The good news is that the UK is fully committed to the EUREKA funding programme and has taken over administration of this scheme on behalf of the participating nations. Therefore, any call for proposals will be fully funded irrespective of our exit from the EU. The picture is slightly more complicated for Horizon 2020 where we may have access to the main funding calls but SMEs could struggle to access growth funding that is limited to the EU nations. Currently the UK position, in relation to Horizon 2020, is that Government will match funding up to 2020, but it is uncertain beyond the end of this funding round.
SMEs need to get smarter at accessing UK funding through the Industrial Strategy Challenge Fund and Innovate UK to maintain their proportion of grant funding. Going forward, R&D tax credits and other sources of support will become increasingly important to make the funding available to tech businesses last as long as possible.

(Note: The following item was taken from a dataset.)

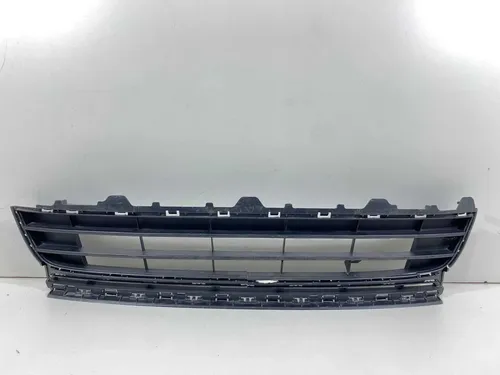 Grade Inferior Volkswagen Fox Spacefox 2015 2016 A 2021 Preto Fosco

Changes to the UK R&D tax credit scheme
On the 28 March 2019, HMRC announced a consultation on the implementation of a PAYE cap for SME cash credit claims. This consultation closes on 24 May 2019 so there isn’t much time to respond. Currently, the cap is proposed to be three times the total PAYE and NIC in the relevant accounting period. Where businesses are capped on the credit, HMRC are proposing to allow the company to access the credit in future years when staff numbers increase.
Who does this impact?
- Companies with minimal salary costs in the UK
- Companies with few UK employees and Directors taking dividends instead of salaries
- Companies making extensive use of third party contractors
This proposal could detrimentally affect tech start-ups and increase the cost of creating a tech business in the UK. Businesses will have to consider bringing on-board employees earlier than in the past to ensure the company can access the R&D tax credit scheme. However, taking on employees removes the flexibility to readily pivot the business by changing contractors and places a major headache on business founders to find the right technical resource very early on.